T follicular helper (Tfh) cells are important components in the development of specific humoral immune responses to vaccines or microbial pathogens by participating in the formation of germinal centers (GCs) and differentiation of naïve B cells into memory B cells and plasma cells (PCs) in lymphoid tissue.[1] Whether pathological features affecting Tfh cells may play a role in the abnormal B cell homoeostasis described to take place during HIV-1 infection in children has not been previously studied.

Tfh cells are characterized by a combination of surface markers, transcription factors, and a specific cytokine profile.
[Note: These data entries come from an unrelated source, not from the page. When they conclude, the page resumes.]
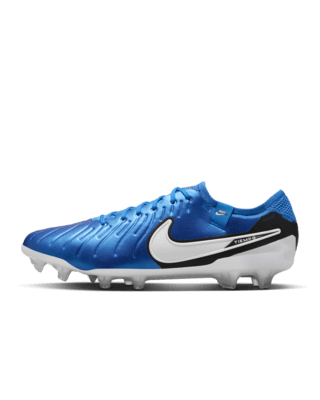 Nike Tiempo Legend 10 EliteLow-Top-Fußballschuh für normalen Rasen
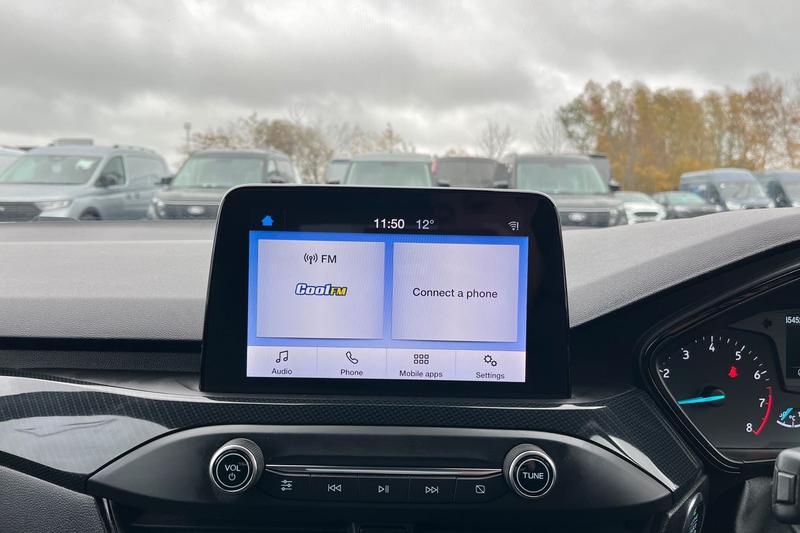 Used Ford Focus 2020 for sale - 76508161: Photo 30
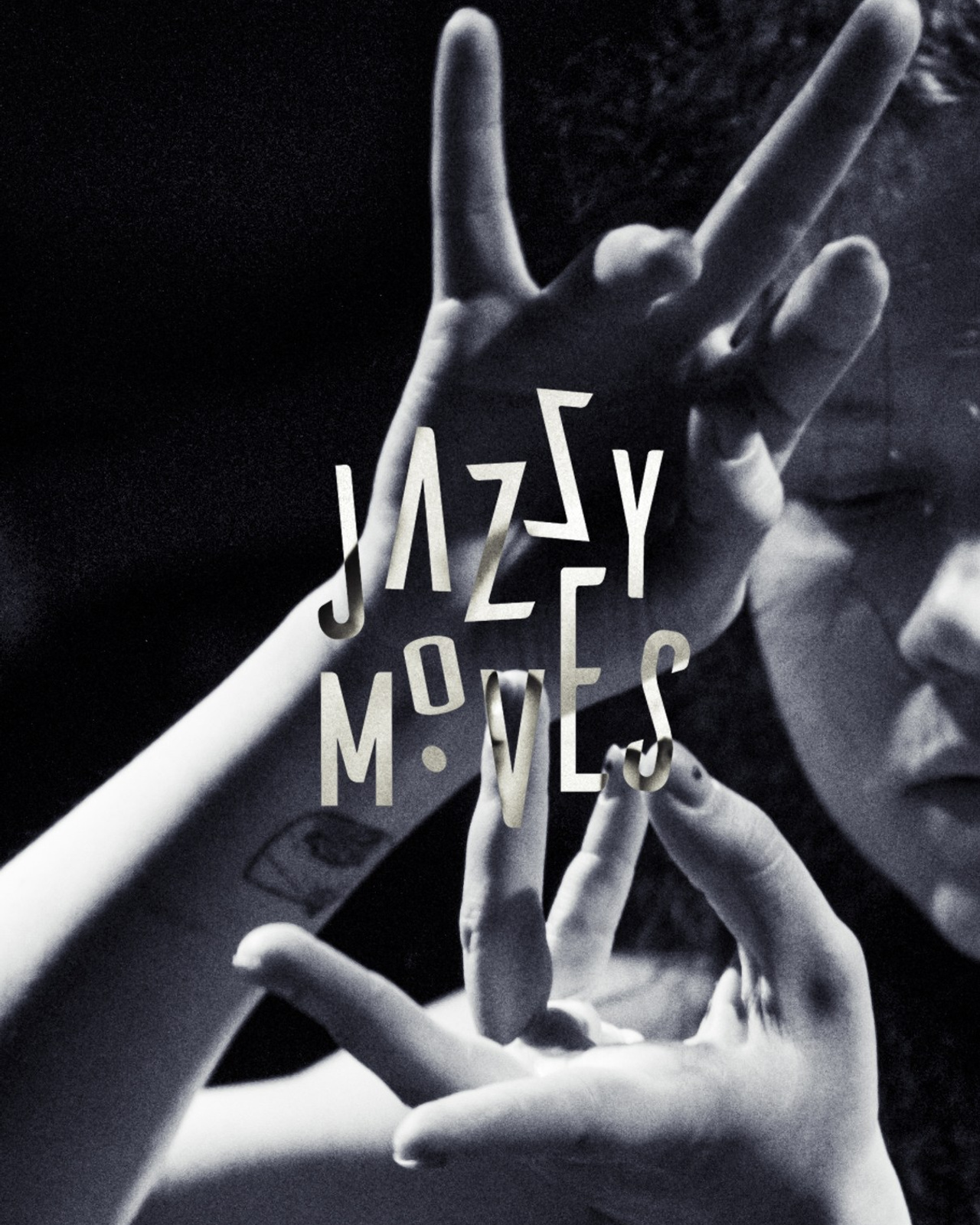 Jazzy Dvizh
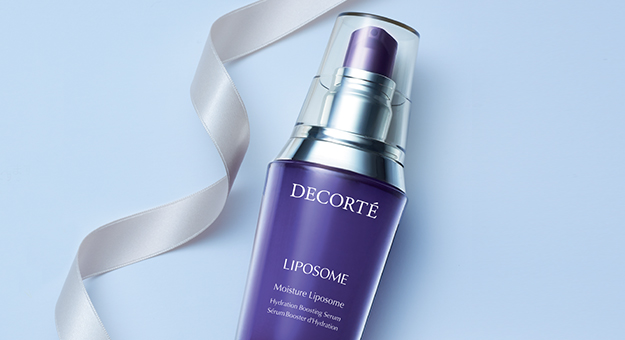 Why Decorté’s iconic Moisture Liposome is still the go-to pre-serum after 25 years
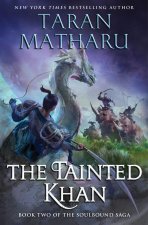 TAINTED KHAN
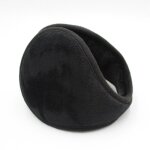 Cache - oreilles d'hiver pour hommes et femmes - cache - oreilles pliables en polaire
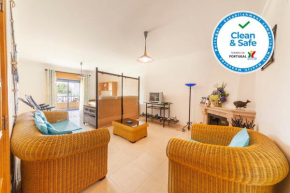 C08 - Apartamento Felicidade in Ferragudo
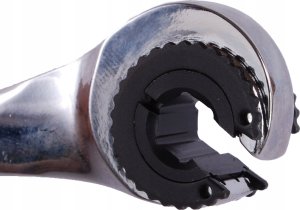 Sourcing HOGERT SEMI-OPEN WRENCH WITH 10mm HEAD 4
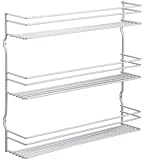 Metaltex 364633095 Gew&uuml;rzregal Pepito mit 3 Etagen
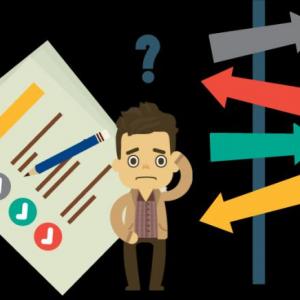 Imagen de portada del videojuego educativo: Toma De Decisiones, de la temática Humanidades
They produce the cytokine IL-21 and express high levels of the chemokine receptor CXCR5, programmed death-1 (PD-1) and inducible T cell costimulator (ICOS) receptors, in addition to the transcription factor Bcl-6.[2] Recently, additional transcription factors including IRF-4, BATE, MAF, and Ascl2 have been shown to be important for Tfh cells differentiation and function.[2,3] Although Tfh cells are considered to be tissue resident, the presence of circulating memory Tfh cells in human peripheral blood has been shown and accepted to mirror, to some extent, tissue resident Tfh cells.[4] Circulating Tfh cell subsets have been described in several studies using different surface marker combinations; CD27highCCR7highCD45ROhighCXCR5highCCR6highPD-1high,[5] CD45RO+CXCR5+,[6] CXCR5+ with increased ICOS/PD-1,[7] CD45RA−CXCR5+ in combination with CCR6 and CXCR3,[8] CD45RA−CCR7+CXCR5+,[9] CD45RA−CXCR5+,[10] and CD45RO+CXCR5+CXCR3−PD-1+.[4]

The critical function of Tfh cells in formation of GCs has promoted in depth studies of these cells during HIV-1 infection. An expansion of Tfh cells in HIV-1-infected subjects that positively correlated to the frequency of GC B cells and antibody titers has been described.[11] The presence of memory Tfh cells in circulation was shown to correlate with parameters of B cell responses induced by the stimulatory action of Tfh cells, as broad neutralizing antibodies against HIV-1 in a cohort of HIV-1-infected individuals.[4] Another study, however, reported that Tfh cells are functionally impaired and cannot provide appropriate help to B cells.[12] Tfh cells were shown to be increased in viremic HIV-1-infected subjects as compared with healthy subjects and to contain the highest percentage of CD4 T cells harboring HIV DNA,[13] suggesting that Tfh cells serve as an important cellular compartment for HIV-1 infection.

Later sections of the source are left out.